Example for SIMD_WIDTH=4 (GPU-dependent):

Thread 0: loads a[0:4]   → Memory bank 0-3
Thread 1: loads a[4:8]   → Memory bank 4-7
Thread 2: loads a[8:12]  → Memory bank 8-11
...
Result: Optimal memory controller utilization

5. Performance characteristics & optimization

Computational Intensity Analysis (for SIMD_WIDTH=4):

Arithmetic operations: 1 SIMD addition per 4 elements
Memory operations: 2 SIMD loads + 1 SIMD store per 4 elements
Arithmetic intensity: 1 add ÷ 3 memory ops = 0.33 (memory-bound)

Why This Is Memory-Bound:

Memory bandwidth >>> Compute capability for simple operations

Optimization Implications:

Focus on memory access patterns rather than arithmetic optimization
SIMD vectorization provides the primary performance benefit
Memory coalescing is critical for performance
Cache locality matters more than computational complexity

6. Scaling and adaptability

Automatic Hardware Adaptation:

alias SIMD_WIDTH = simdwidthof[dtype, target = _get_gpu_target()]()
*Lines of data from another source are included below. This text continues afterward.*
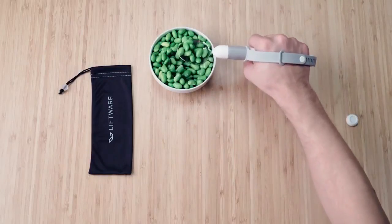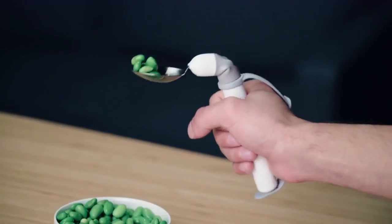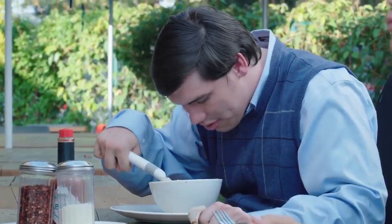The Liftware Level is an electronic handle that recognizes what position your hand is in at all times and works to counteract any unwanted movements, so that you can relax and enjoy the company of those around you instead of worrying about the task at hand.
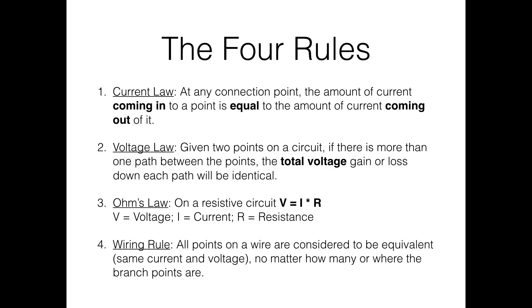The voltage law is a little weird: given any two points on a circuit, even if there's more than one path between them, the total voltage gain or loss along every path between those two points will be identical. Ohm's law is the only rule with an actual equation, and it's very important: volts equals current times resistance (V = IR).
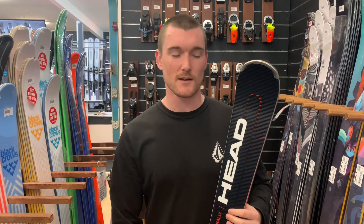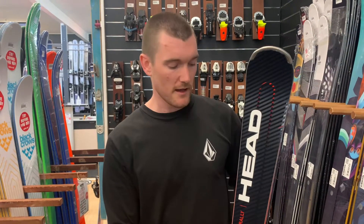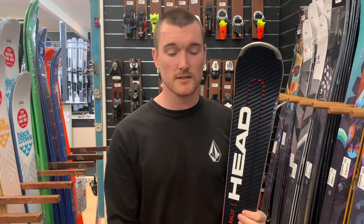Hi, I'm Jack from Midland Snow Sports and I'm here to talk to you about the Head Super Shape E-Rally. The E-Rally, formerly known as the I-Rally, is a popular advanced level carving ski.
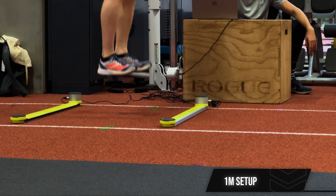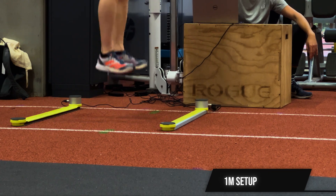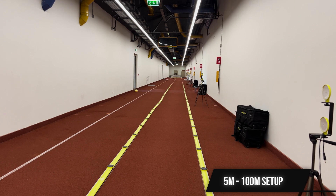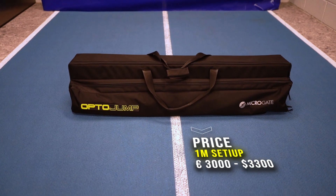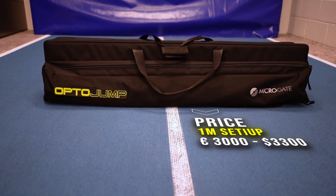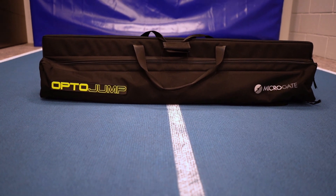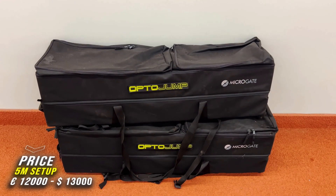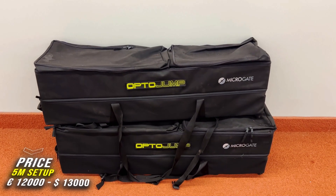The OptoJump can be bought as a separate 1-meter strip or a full 5-meter or longer setup, possibly even up to 100 meters. The price of a 1-meter setup comes in at around 3,000 euros or around 3,300 US dollars at the time of recording. For a 5-meter setup this will be 13,000 US dollars or 12,000 euros.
GPU-specific optimization: SIMD width adapts to hardware (e.g., 4 for some cards, 8 for RTX 4090, 16 for A100)
Data type awareness: Different SIMD widths for float32 vs float16
Compile-time optimization: Zero runtime overhead for hardware detection

Scalability Properties:

Thread count: Automatically scales with problem size
Memory usage: Linear scaling with input size
Performance: Near-linear speedup until memory bandwidth saturation

7. Advanced insights: why this pattern matters

Foundation for Complex Operations: This elementwise pattern is the building block for:

Reduction operations: Sum, max, min across large arrays
Broadcast operations: Scalar-to-vector operations
Complex transformations: Activation functions, normalization
Multi-dimensional operations: Matrix operations, convolutions

Compared to Traditional Approaches:

// Traditional: Error-prone, verbose, hardware-specific
__global__ void add_kernel(float* out, float* a, float* b, int size) {
    int idx = blockIdx.x * blockDim.x + threadIdx.x;
    if (idx < size) {
        out[idx] = a[idx] + b[idx];  // No vectorization
    }
}

// Mojo: Safe, concise, automatically vectorized
elementwise[add, SIMD_WIDTH, target="gpu"](size, ctx)

Benefits of Functional Approach:

Safety: Automatic bounds checking prevents buffer overruns
Portability: Same code works across GPU vendors/generations
Performance: Compiler optimizations often exceed hand-tuned code
Maintainability: Clean abstractions reduce debugging complexity
Composability: Easy to combine with other functional operations

This pattern represents the future of GPU programming - high-level abstractions that don’t sacrifice performance, making GPU computing accessible while maintaining optimal efficiency.

Next Steps

Once you’ve mastered elementwise operations, you’re ready for:

⚡ Tile Operations: Memory-efficient tiled processing patterns
🔧 Vectorization: Fine-grained SIMD control
🧠 GPU Threading vs SIMD: Understanding the execution hierarchy
📊 Benchmarking: Performance analysis and optimization

💡 Key Takeaway: The elementwise pattern demonstrates how Mojo combines functional programming elegance with GPU performance, automatically handling vectorization and thread management while maintaining full control over the computation.